Niepokojące dane o stosunku Polaków do szczepień przynosi sondaż United Surveys (US) dla DGP i RMF FM. Z badania wynika, że tylko 57 proc. badanych chce się szczepić przeciwko COVID-19. Ale jeśli uwzględnimy przy odpowiedziach osoby, które już przyjęły preparat – odsetek ten wzrasta do 69 proc. Niezależnie od tego, jak liczyć, to znacznie mniej niż w zeszłym miesiącu. Wówczas chęć do szczepień deklarowało ok. 75 proc. ankietowanych. – Mamy do czynienia z piłką setową, jeszcze nie meczową – ocenia Marcin Duma z US. Utrzymanie takiego trendu może jednak zaszkodzić całemu procesowi nabywania przez Polaków odporności na koronawirusa i zaburzyć kalkulacje rządu.

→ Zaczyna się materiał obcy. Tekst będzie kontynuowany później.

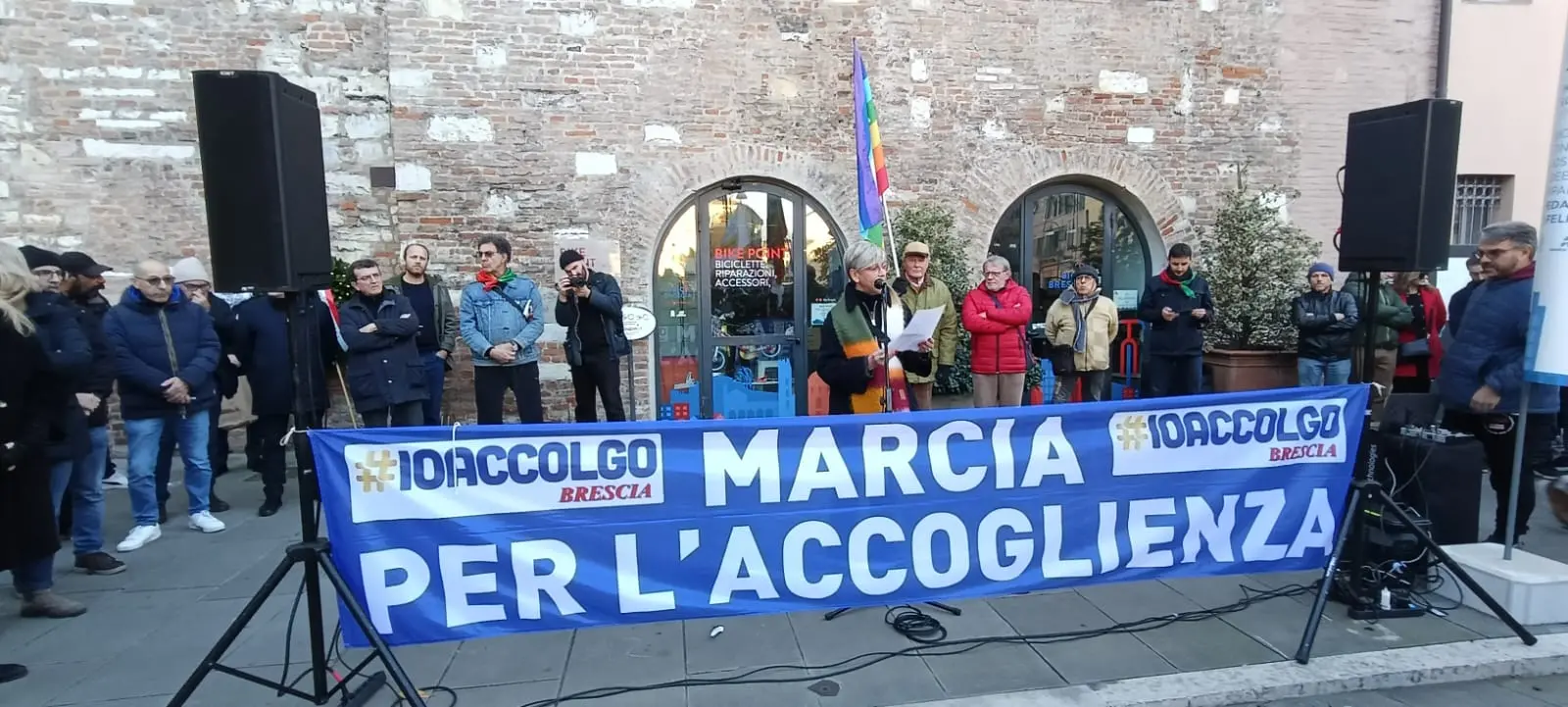 Il presidio «Io accolgo» in largo Formentone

Nie ma wątpliwości, że przyczyną kryzysu zaufania do szczepień są kontrowersje, jakie w ostatnich dniach narosły wokół AstryZeneki. To właśnie preparat tej firmy jest dziś podawany osobom w ramach tzw. szczepień populacyjnych (medykom i osobom w wieku 70+ podawane są produkty Pfizera i Moderny). I choć unijny regulator farmaceutyczny EMA ponownie stwierdził, że AstraZeneca jest bezpieczna, a wczoraj to samo potwierdzili naukowcy z USA, dodając, że jest ona skuteczna również dla osób po 70. roku życia – odbudowanie zaufania może potrwać tygodnie.
Między innymi dlatego rząd otwiera rejestrację dla kolejnych roczników i szykuje akcje profrekwencyjne. Wczoraj w ramach takiej akcji szczepionkę przyjął minister finansów Tadeusz Kościński.